Kudos to @umarkhaneth , @owocki and @sejalrekhan for putting this together with me!
TL;DR
- The recent Zuzalu QF rounds ran using private voting to prevent kickbacks. This is different from the first Zuzalu round, which was public.
- In this post, we analyze differences between the public (Q1) and private (MACI) Zuzalu rounds to empirically evaluate the effectiveness of this approach at preventing kickbacks. We find mixed results, indicating the difficulty of determining whether this approach was effective.
- We compare different anti-collusion strategies and how they could be combined to achieve results that best aid the community in funding the right projects.
Introduction
Last month Gitcoin spearheaded its first successful implementation of MACI (Minimal Anti-Collusion Infrastructure) in a quadratic funding round for the Zuzalu community.
MACI ensures private voting to reduce incidences of bribes or kickbacks. It makes it impossible to send or request a transaction receipt to verify that someone voted a particular way. However, vote integrity is still preserved through the use of zero-knowledge proofs and the results are still guaranteed to be correct. However, MACI is not a voting algorithm – instead, it’s a wrapper around another voting algorithm which adds extra security. In this case, MACI was a wrapper around standard Quadratic Funding.

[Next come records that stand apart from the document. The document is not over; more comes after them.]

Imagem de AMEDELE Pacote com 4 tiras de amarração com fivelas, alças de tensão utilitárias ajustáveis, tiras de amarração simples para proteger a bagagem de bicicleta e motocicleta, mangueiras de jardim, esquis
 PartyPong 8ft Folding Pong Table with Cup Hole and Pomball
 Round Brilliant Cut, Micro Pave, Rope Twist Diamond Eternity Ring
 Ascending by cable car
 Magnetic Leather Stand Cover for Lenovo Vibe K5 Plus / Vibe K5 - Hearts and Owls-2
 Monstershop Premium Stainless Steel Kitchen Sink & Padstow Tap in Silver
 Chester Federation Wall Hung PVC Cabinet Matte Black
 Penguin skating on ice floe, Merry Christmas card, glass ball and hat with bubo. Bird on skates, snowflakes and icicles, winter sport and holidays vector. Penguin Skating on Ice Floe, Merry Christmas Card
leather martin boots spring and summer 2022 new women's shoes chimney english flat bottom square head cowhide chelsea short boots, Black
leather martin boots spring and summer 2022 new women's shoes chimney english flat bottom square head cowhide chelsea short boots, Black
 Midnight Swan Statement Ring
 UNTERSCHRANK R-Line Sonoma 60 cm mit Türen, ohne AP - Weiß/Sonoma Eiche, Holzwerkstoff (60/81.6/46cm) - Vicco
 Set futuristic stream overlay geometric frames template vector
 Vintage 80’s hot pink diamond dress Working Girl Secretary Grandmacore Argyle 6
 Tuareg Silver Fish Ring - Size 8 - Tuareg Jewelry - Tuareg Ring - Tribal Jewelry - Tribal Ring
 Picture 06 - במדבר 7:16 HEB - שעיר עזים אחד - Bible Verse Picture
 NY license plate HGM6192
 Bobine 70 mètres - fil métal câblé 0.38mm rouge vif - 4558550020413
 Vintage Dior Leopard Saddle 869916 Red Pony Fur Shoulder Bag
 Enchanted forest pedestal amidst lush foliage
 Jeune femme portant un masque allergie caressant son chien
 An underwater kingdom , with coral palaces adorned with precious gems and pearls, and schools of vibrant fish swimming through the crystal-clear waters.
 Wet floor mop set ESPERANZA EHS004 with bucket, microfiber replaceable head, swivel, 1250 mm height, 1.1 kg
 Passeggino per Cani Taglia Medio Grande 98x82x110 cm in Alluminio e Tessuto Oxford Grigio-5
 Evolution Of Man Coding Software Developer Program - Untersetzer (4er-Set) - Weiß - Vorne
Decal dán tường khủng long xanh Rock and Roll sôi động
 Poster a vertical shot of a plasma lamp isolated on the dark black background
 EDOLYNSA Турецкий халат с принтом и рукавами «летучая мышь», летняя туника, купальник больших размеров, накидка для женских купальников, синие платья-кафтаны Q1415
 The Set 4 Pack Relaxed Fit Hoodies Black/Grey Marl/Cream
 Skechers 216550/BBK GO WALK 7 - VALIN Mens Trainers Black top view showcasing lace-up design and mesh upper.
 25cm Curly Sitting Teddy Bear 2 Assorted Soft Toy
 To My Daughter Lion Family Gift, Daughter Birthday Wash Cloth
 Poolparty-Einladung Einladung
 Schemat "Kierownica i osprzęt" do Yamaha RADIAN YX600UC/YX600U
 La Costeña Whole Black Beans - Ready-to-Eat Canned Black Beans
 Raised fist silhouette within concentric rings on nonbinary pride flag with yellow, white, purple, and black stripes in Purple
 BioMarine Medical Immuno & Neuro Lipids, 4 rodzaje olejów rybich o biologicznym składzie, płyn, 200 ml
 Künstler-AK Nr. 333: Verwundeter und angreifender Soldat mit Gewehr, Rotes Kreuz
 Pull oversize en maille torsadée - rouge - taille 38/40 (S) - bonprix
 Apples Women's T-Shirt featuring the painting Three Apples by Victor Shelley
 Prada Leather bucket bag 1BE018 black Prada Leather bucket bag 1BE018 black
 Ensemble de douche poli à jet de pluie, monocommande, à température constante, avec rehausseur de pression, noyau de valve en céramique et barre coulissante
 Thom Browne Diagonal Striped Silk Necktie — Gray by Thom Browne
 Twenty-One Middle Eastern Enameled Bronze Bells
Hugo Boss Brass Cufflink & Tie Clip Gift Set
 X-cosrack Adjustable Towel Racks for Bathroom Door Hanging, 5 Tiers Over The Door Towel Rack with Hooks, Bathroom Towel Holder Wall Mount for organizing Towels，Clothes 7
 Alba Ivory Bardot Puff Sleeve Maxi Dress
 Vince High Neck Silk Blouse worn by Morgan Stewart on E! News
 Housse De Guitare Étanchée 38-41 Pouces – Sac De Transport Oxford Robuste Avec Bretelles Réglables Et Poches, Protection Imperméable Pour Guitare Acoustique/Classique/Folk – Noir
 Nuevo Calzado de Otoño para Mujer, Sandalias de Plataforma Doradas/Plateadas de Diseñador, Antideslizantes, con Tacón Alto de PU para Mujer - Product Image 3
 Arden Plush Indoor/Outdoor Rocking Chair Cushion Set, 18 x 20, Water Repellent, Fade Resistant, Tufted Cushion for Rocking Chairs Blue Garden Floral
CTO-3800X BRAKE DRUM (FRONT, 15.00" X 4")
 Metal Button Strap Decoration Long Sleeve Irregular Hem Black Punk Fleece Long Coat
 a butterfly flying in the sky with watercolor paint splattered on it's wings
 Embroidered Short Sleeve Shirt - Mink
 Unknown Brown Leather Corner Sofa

As data science nerds (Umar) and fairness-obsessed mechanism designers (Joel), we’re constantly looking for ways to improve our mechanisms and spot new issues. However, analyzing the quality of public goods funding results is tricky because there’s no way to tell what the results “should” look like. The best we can do is analyze patterns in the data over time. Luckily, the recent MACI rounds, which focused on Zuzalu-related projects, bear a lot of similarities to the non-MACI Zuzalu rounds that happened in Q1 of this year: both sets of rounds focused on the same community, had the same subdivisions (tech and events), and we can even look at the folks who claimed a ZuPass in Q1 to get a group of users roughly comparable to to the folks on the allowlist for the MACI rounds (all of our experiments on the Q1 rounds are filtered to look at just the ZuPass holders).
So now, let’s go over some common patterns that can indicate collusion. For each pattern, we’ll first ask how we would expect the MACI data to change if it were reducing kickbacks, and then see what really happened.
Pattern Analysis
One way collusion could kick off is with a message in a private group chat. We would then expect the donations to that project from those group members to be close together in time and/or close together in donation amount.
Entropy is a measure of unpredictability or randomness. Here we apply it to donation patterns. Higher entropy would suggest more diverse, less coordinated donation behavior, while lower entropy would indicate more predictable or potentially coordinated patterns. We calculate entropy by measuring the diversity of donation amounts for each day, where a wider range of donation amounts results in higher entropy. We would expect a round with kickback-motivated donations to have lower entropy.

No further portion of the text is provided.